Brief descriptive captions

Segment Open

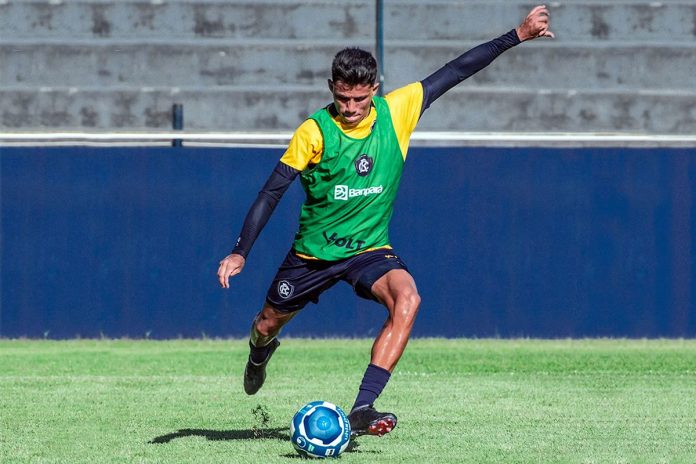 Lucas Marques – Foto: Samara Miranda (Clube do Remo)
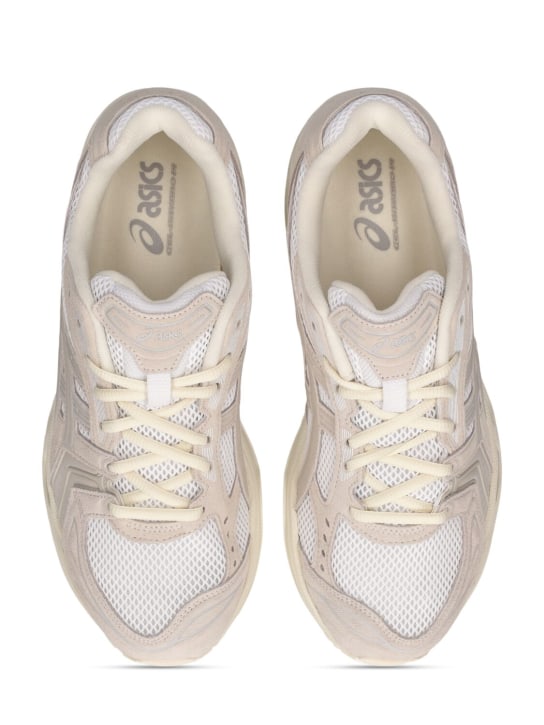 Asics: Gel-Kayano 14运动鞋 - White/Smoke Grey - women_5 | Luisa Via Roma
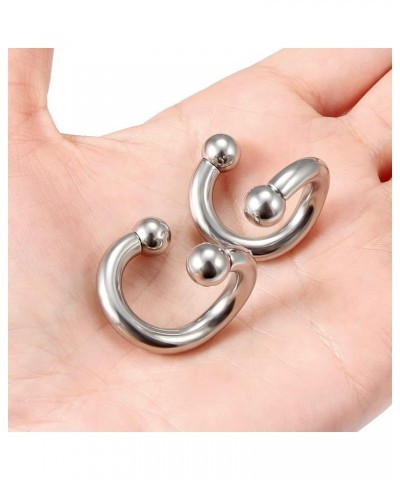 2G 4G 6G 8G 12G Spiral Gauges Tunnels Plugs Earrings Large Septum Rings Surgical Steel Gauges Tunnels Plugs Expander Tapers s...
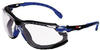 3M Solus 1000 Schutzbrille, blau/schwarze Bügel, Scotchgard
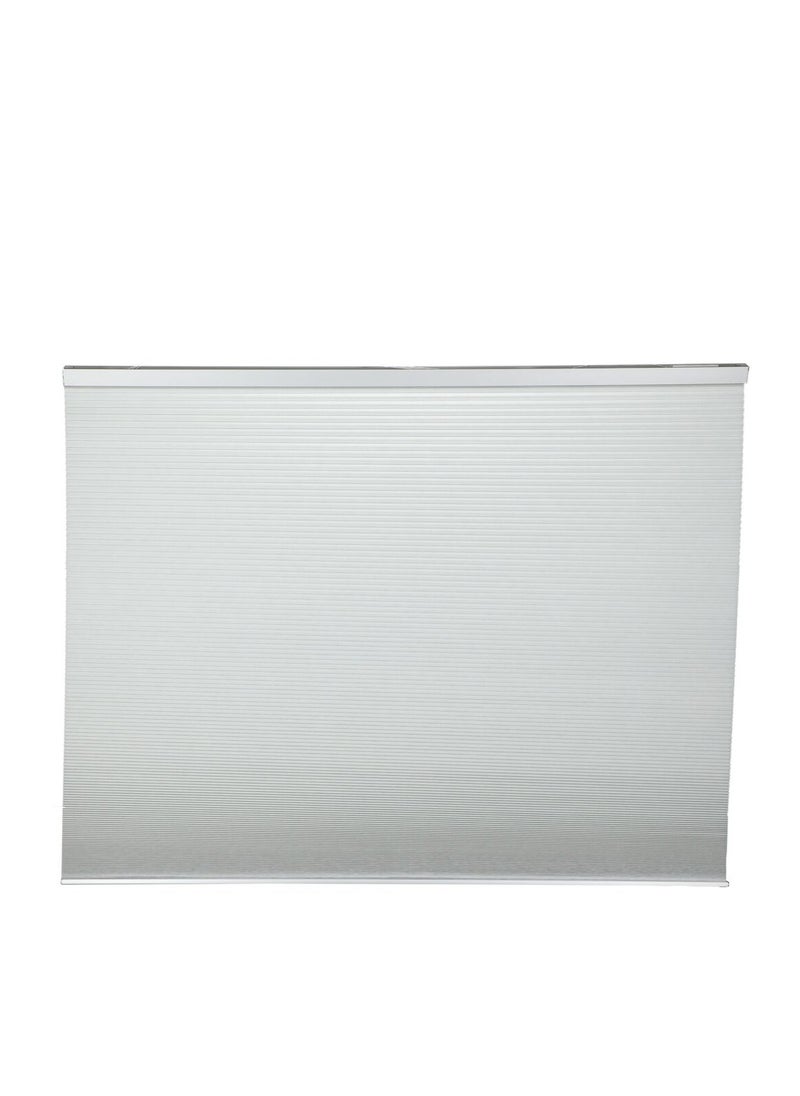 SUNFREE - Honeycomb Blackout Blinds Light Grey 120 x 180cm - Image 1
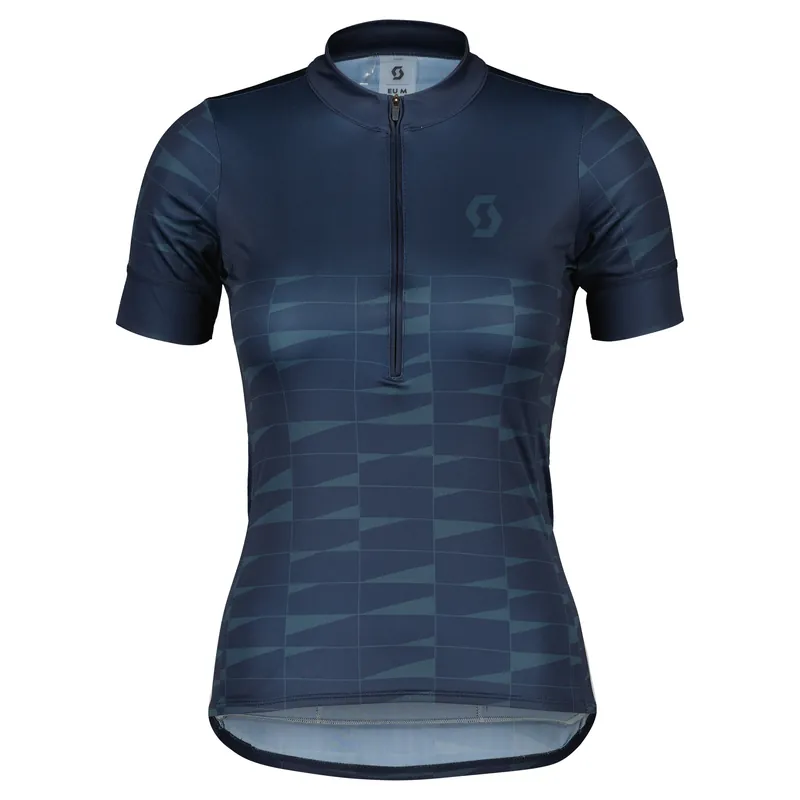 Nejprodávanější Scott Endurance 20 SS (Modrá) - Dámský cyklistický dres Endorphin Republic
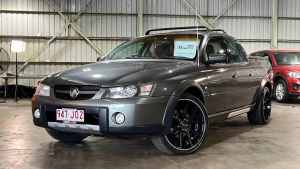 2003 Holden Crewman VY II Cross 8 Grey 4 Speed Automatic Utility
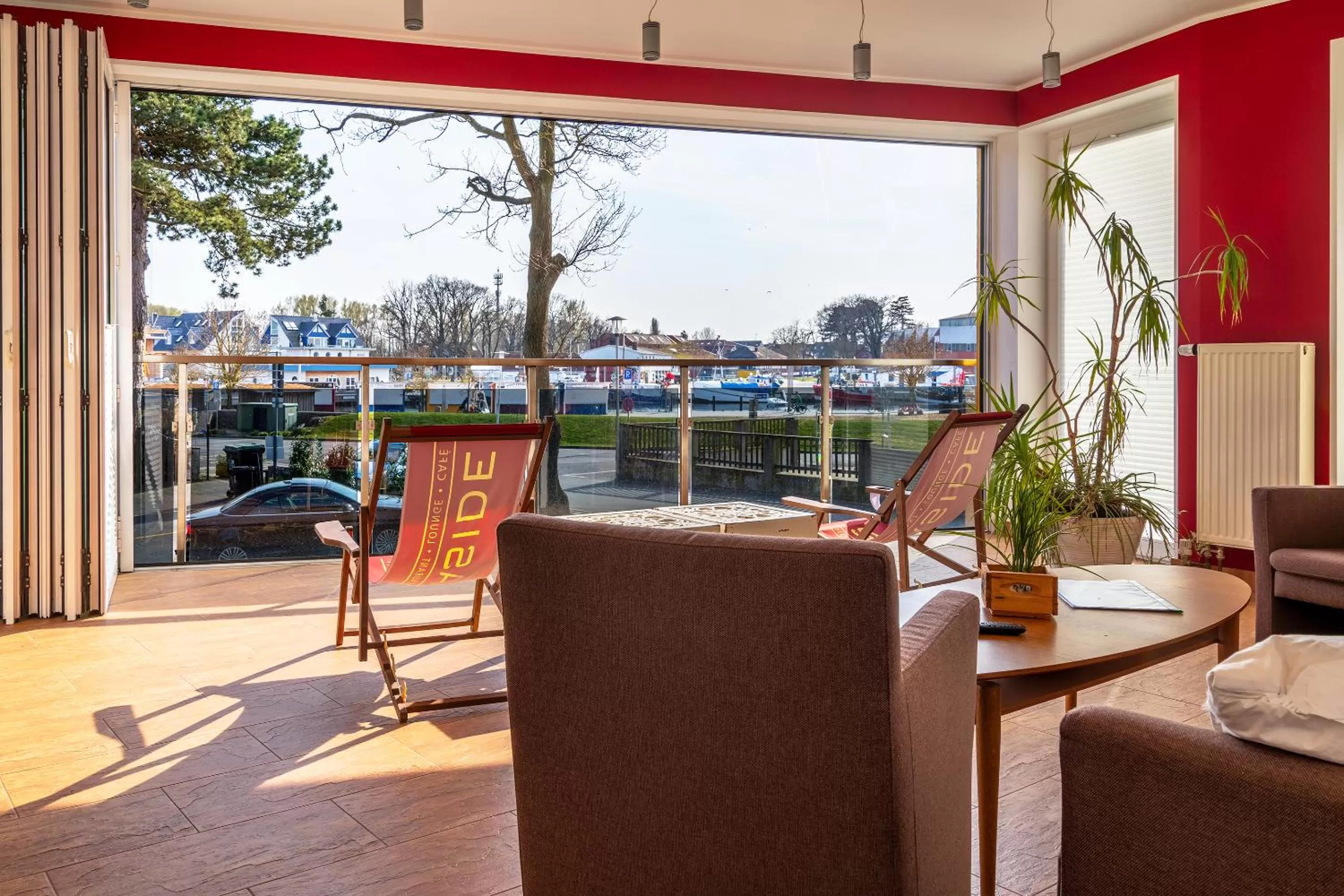 Landmark view in Seaside-Strandhotel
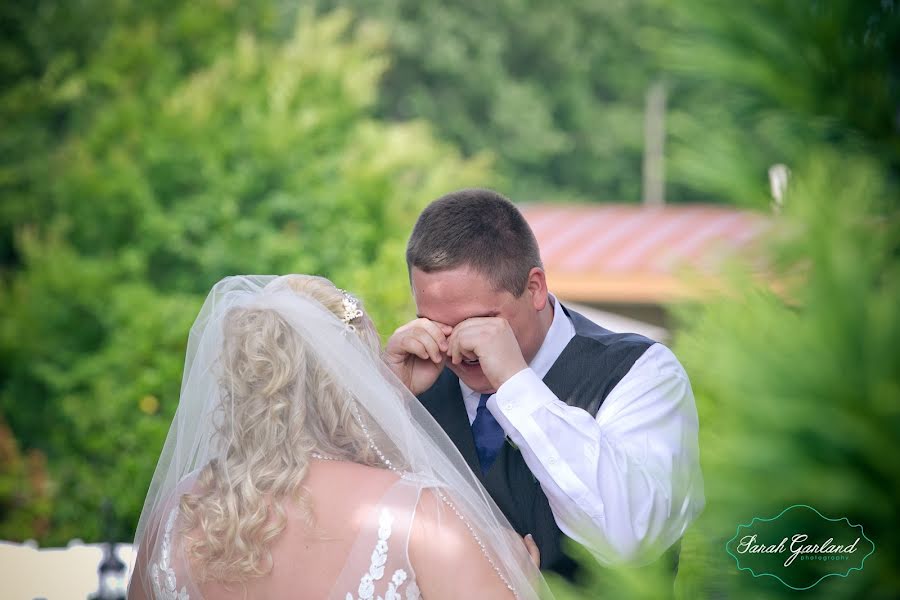 Wedding photographer Sarah Garland (sarahgarland). Photo of 8 September 2019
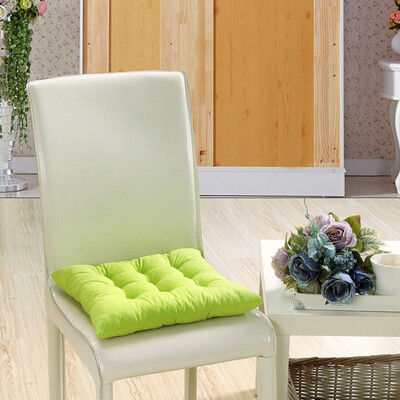 

Siaonvr Indoor Outdoor Garden Patio Home Kitchen Office Chair Seat Cushion Pads Green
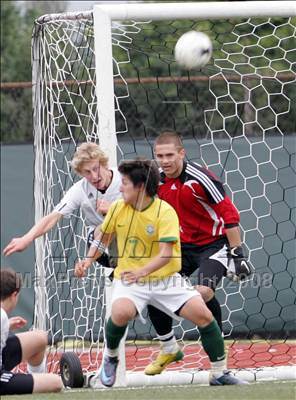 Thumbnail 3 in Coachella Valley @ Beverly Hills (CIF SS Playoffs) photogallery.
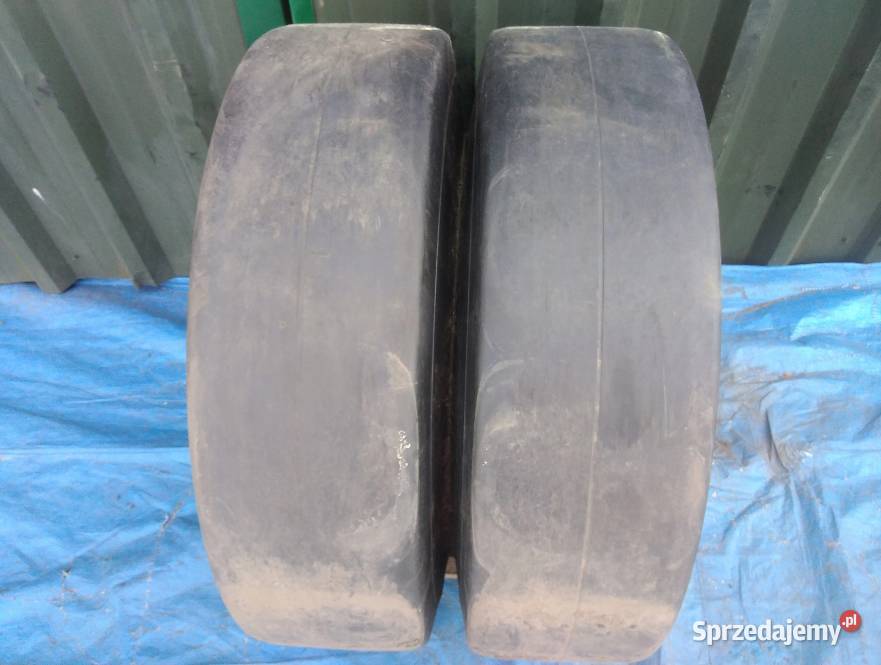 Koła Koło Opona Blizniacze 760 250 500 D Szprotawa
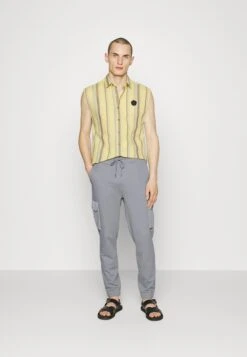 Boss Sewash - Cargobroek - Medium Grey -ZALANDO WINKEL b99c49297c574d5f9568befbd5196842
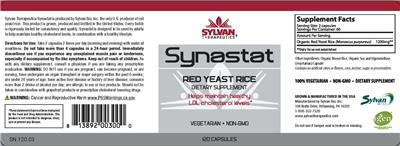 Synastat label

Segment Closed

_Task prompt_
Output the records above exactly; leave out the pictures.

_Answer area_
 Lucas Marques – Foto: Samara Miranda (Clube do Remo)
 Asics: Gel-Kayano 14运动鞋 - White/Smoke Grey - women_5 | Luisa Via Roma
 2G 4G 6G 8G 12G Spiral Gauges Tunnels Plugs Earrings Large Septum Rings Surgical Steel Gauges Tunnels Plugs Expander Tapers s...
 3M Solus 1000 Schutzbrille, blau/schwarze Bügel, Scotchgard
 SUNFREE - Honeycomb Blackout Blinds Light Grey 120 x 180cm - Image 1
 Nejprodávanější Scott Endurance 20 SS (Modrá) - Dámský cyklistický dres Endorphin Republic
 2003 Holden Crewman VY II Cross 8 Grey 4 Speed Automatic Utility
 Landmark view in Seaside-Strandhotel
 Wedding photographer Sarah Garland (sarahgarland). Photo of 8 September 2019

Siaonvr Indoor Outdoor Garden Patio Home Kitchen Office Chair Seat Cushion Pads Green
 Thumbnail 3 in Coachella Valley @ Beverly Hills (CIF SS Playoffs) photogallery.
 Koła Koło Opona Blizniacze 760 250 500 D Szprotawa
 Boss Sewash - Cargobroek - Medium Grey -ZALANDO WINKEL b99c49297c574d5f9568befbd5196842
 Synastat label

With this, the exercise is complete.